Define
$$S_n = \prod_{x=1}^{\lceil\frac{n}{\ln{n} }\rceil} \left(\frac{1}{\sqrt{n}} + \frac{2x}{n}\left(z_n-\frac{1}{\sqrt{n}} \right)\right) .$$
I am trying to work out necessary and sufficient conditions for a simply stated, positive, non-increasing function $z_n$ with $1/\sqrt{n} \leq z_n \leq 1/2$ so that
$$- \ln{S_n} = \Theta(n).$$
Clearly $z_n = 1/\sqrt{n}$ works and I know that $z_n = 1/2$ does not work for example.
Here is my attempt so far $$\prod_{x=1}^{k} (A + Bx) = \frac{B^k \Gamma(k+1+A/B)}{\Gamma(1+A/B)}.$$
In our case $A = 1/\sqrt{n}$ and $B= (2\sqrt{n} z_n - n)/n^{3/2}$ and
$$A/B = \frac{n}{2\sqrt{n} z_n - n}$$
We know from Asymptotics of $\prod_{x=1}^{\lceil\frac{n}{\log_2{n} }\rceil} \left(\frac{1}{\sqrt{n}} + x\left(\frac{1}{n}-\frac{2}{n^\frac{3}{2}} \right)\right) $ that
\begin{align} \ln S_n&=k\ln B+\ln \Gamma(1+k+A/B)-\ln \Gamma(1+A/B)\approx\\ &\approx k\ln B+ \left(k+\frac AB\right)\left[\ln\left(k+\frac AB\right)-1\right]+\frac12\ln\left(k+\frac AB\right)\\&\qquad -\frac AB\left[\ln\frac AB -1\right]-\frac12\ln\frac AB\\ &\approx \color{red}{k\ln B}+\left(\color{red}{k}+\frac AB\right)\left[\color{red}{\ln k} +\frac{A}{Bk}-\frac12\left(\frac{A}{Bk}\right)^2-\color{red}{1}\right]+\frac12\ln k\\ &\qquad -\frac AB\left[\ln\frac AB -1\right]-\frac12\ln\frac AB. \end{align}
It feels like with the right log approximation this might be close but I am not sure where to take it from here.

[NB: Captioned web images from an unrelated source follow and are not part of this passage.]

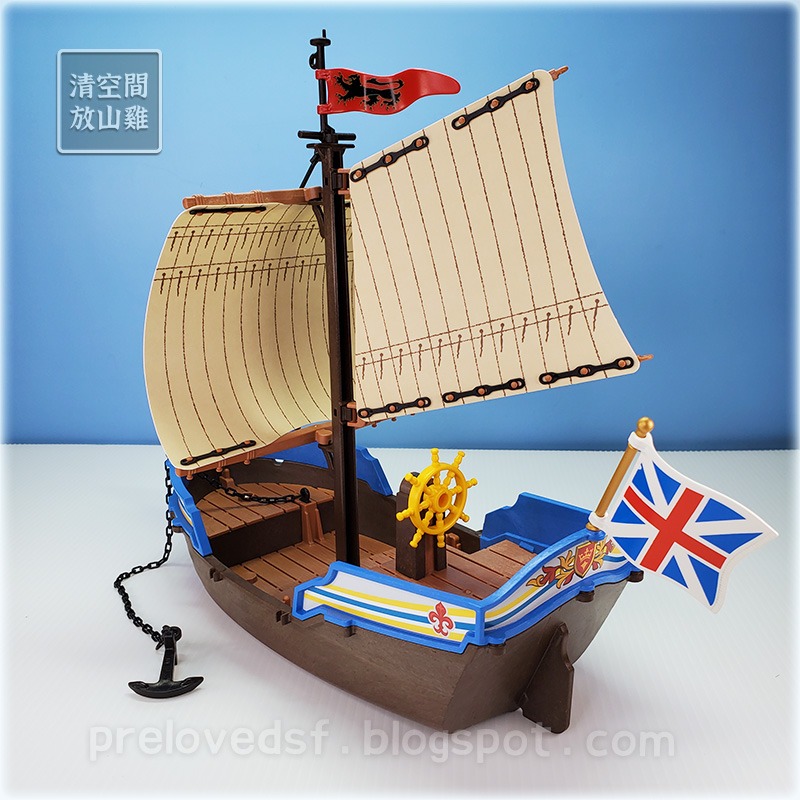 Playmobil 5140 摩比 英國士兵砲艇 海軍船艦 海盜系列 二手有盒 絕版〈清空間放山雞〉-細節圖4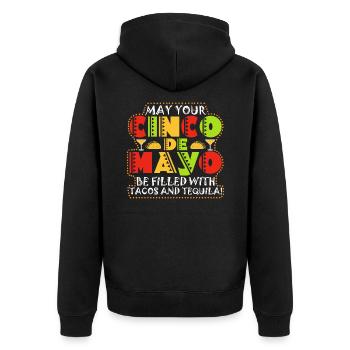 Viva Mexico Cinco De Mayo Party 5 De Mayo Geschenk - Unisex Premium Bio Zip Hoodie - Schwarz - Hinten - Nico (187cm)
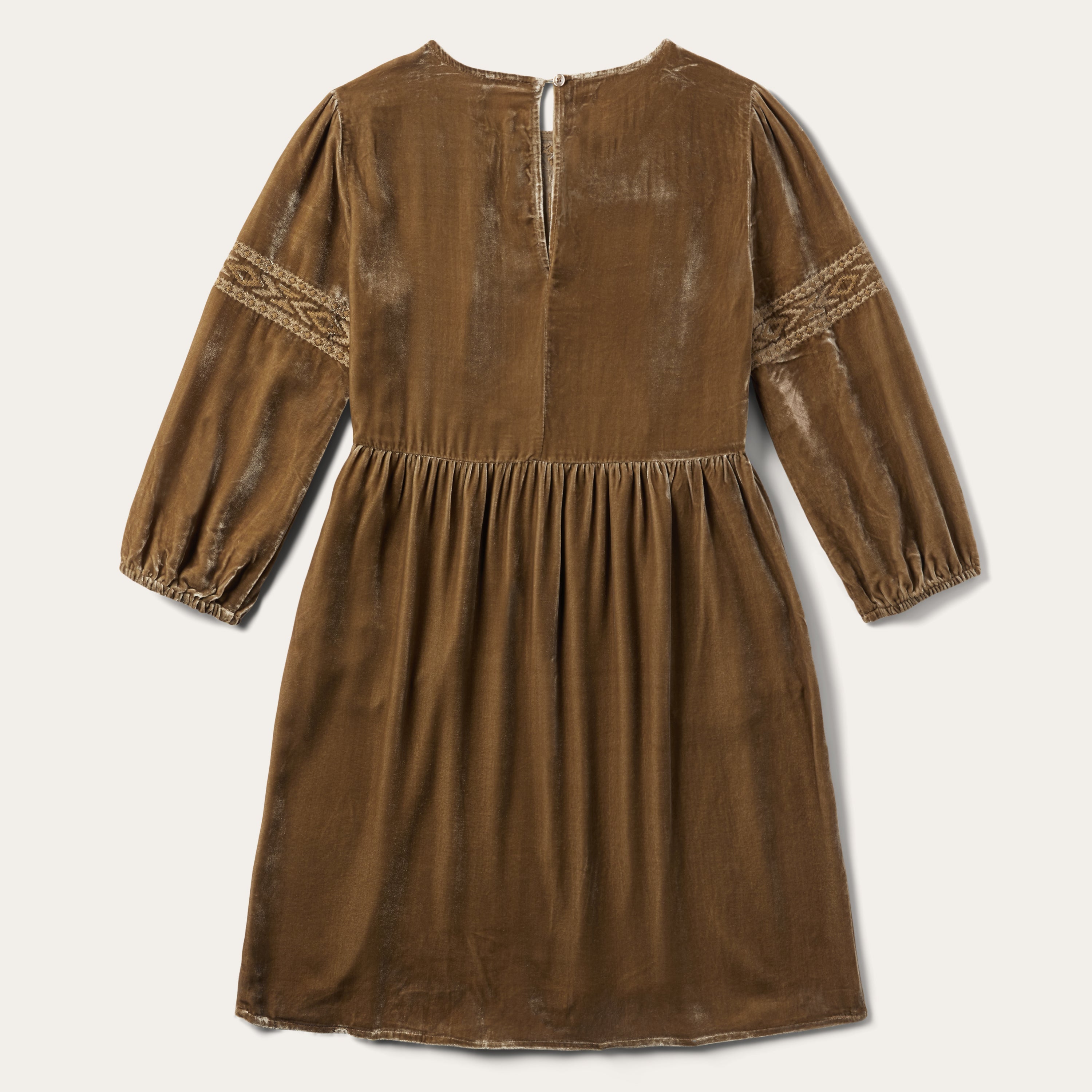 Khaki Velvet Babydoll Dress Copper | Stetson Women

Note that $$ \prod_{x=1}^{\lceil n/\ln n \rceil} \max\bigg\{ \frac{1}{\sqrt{n}}, \frac{2x}{n}\bigg(z_n-\frac{1}{\sqrt{n}} \bigg)\bigg\} \le S_n \le \prod_{x=1}^{\lceil n/\ln n \rceil} 2\max\bigg\{ \frac{1}{\sqrt{n}}, \frac{2x}{n}\bigg(z_n-\frac{1}{\sqrt{n}} \bigg)\bigg\}, $$ and so \begin{align*} -\ln S_n &= \sum_{x=1}^{\lceil n/\ln n \rceil} \min\bigg\{ \tfrac12\ln n, \ln \frac{n^{3/2}}{2x} - \ln (z_n\sqrt n-1)\bigg\} + O\bigg( \frac{n\ln 2}{\ln n} \bigg) \\ &= \sum_{1\le x\le \min\{n/2(z_n\sqrt n-1),\lceil n/\ln n \rceil\}} \tfrac12\ln n \\ &\qquad{}+ \sum_{n/2(z_n\sqrt n-1)<x\le\lceil n/\ln n \rceil} \bigg( \ln \frac{n^{3/2}}{2x} - \ln (z_n\sqrt n-1) \bigg) + O\bigg( \frac n{\ln n} \bigg). \end{align*} If $(z_n\sqrt n-1)/\ln n$ is bounded away from $0$, then the first term is already $\Omega(n)$. If $(z_n\sqrt n-1)/\ln n \to 0$, then the first term is $o(n)$ and so $$ -\ln S_n = \sum_{n/2(z_n\sqrt n-1)<x\le\lceil n/\ln n \rceil} \bigg( \ln \frac{n^{3/2}}{2x} - \ln (z_n\sqrt n-1) \bigg) + o(n). $$ Ran out of time - see if someone can take it from here....